Se podría llegar a intuir acaso, pero hay que admitir que sus primeros pasos como realizador –El hombre sin rostro y la oscarizada Corazón valiente– eran más sutiles y cinematográficas, que todo lo que dirigió desde La pasión de Cristo hasta la fecha. Y aunque estas películas funcionaron bastante bien en la taquilla –todas de relativo bajo presupuesto- no se puede decir lo mismo de su carrera como actor, que, relacionada con sus escándalos privados, no ayudaron a que regrese a ese pedestal en el que estuvo años atrás.

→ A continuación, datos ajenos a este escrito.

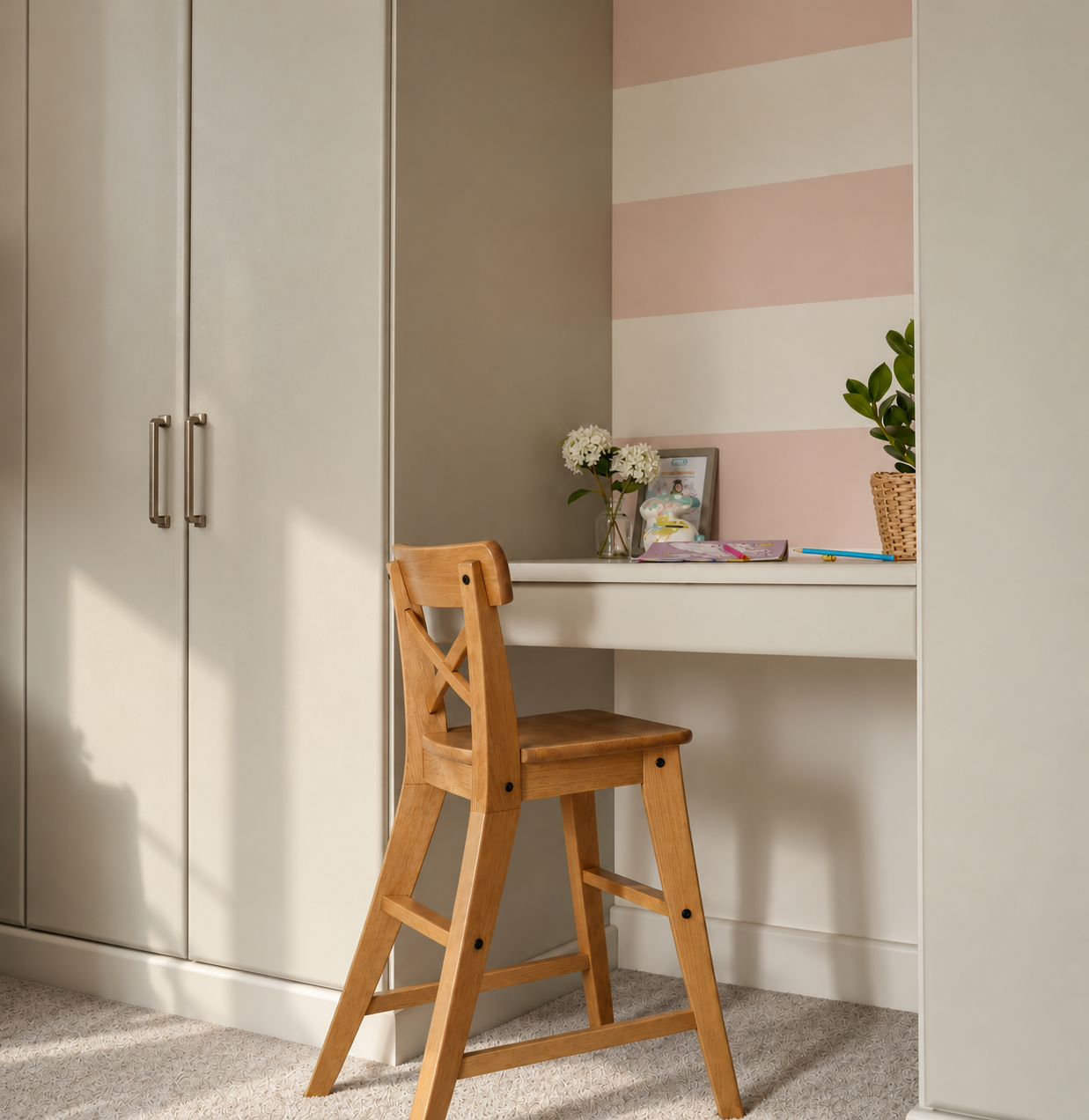 desk and chair, fitted wardrobe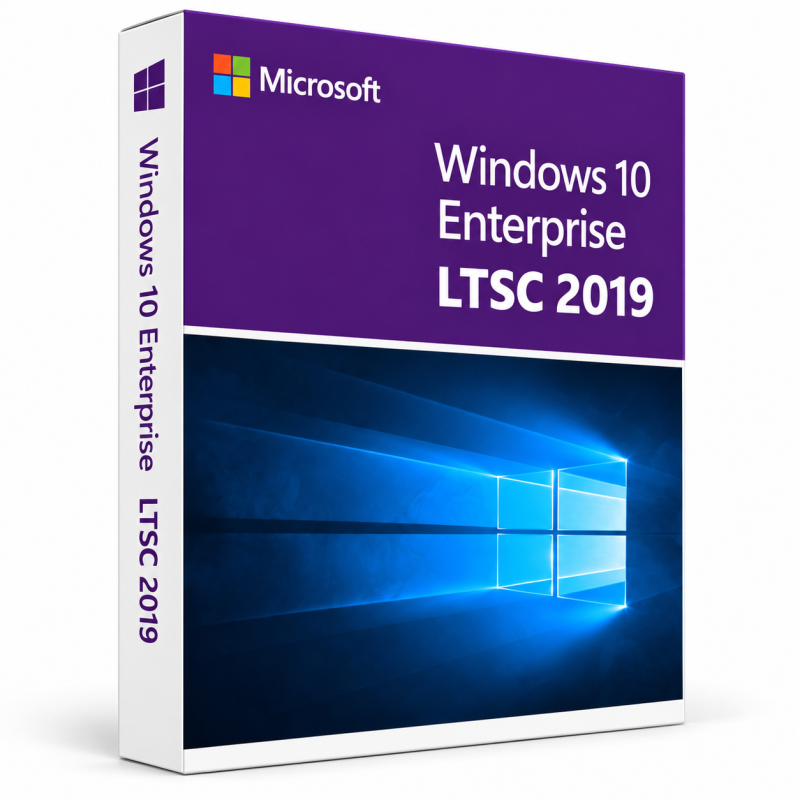 Pudełko 3D Windows 10 Enterprise LTSC 2019 na białym tle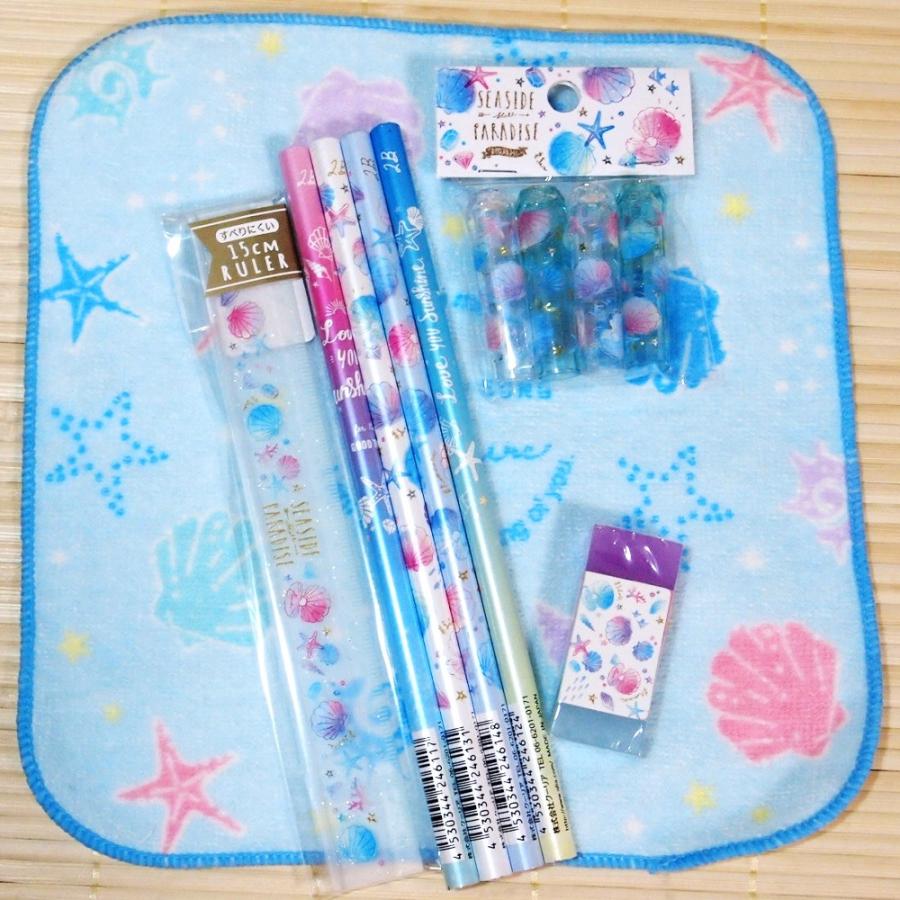 シェル柄 可愛い両面開き筆箱 鉛筆のセット 文具セット9点 マーメイドオーケストラ 水色 s 9 プチライムソフトペンケース s 9 雑貨のぱんぷきん 通販 Yahoo ショッピング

Quizás sea su rencor hacia la industria que le dio la espalda o al público, pero el cine de Gibson funciona como una representación grotesca de la historia y un reflejo del morbo cotidiano. Es verdad. Hay más gore en cualquier propuesta de terror mediocre, en los zombies de la televisión o incluso en las últimas adaptaciones de cómics. Pero con Gibson, la violencia es gratuíta con el único propósito de impactar y la mera intención de ser efectista. Provocador no es. Pero la lógica se cae de lado cuando se pone a analizar el otro lado de sus historias, que supuestamente pretenden emitir un mensaje de paz y amor ultraconservador, de características religiosas, casi panfletarias.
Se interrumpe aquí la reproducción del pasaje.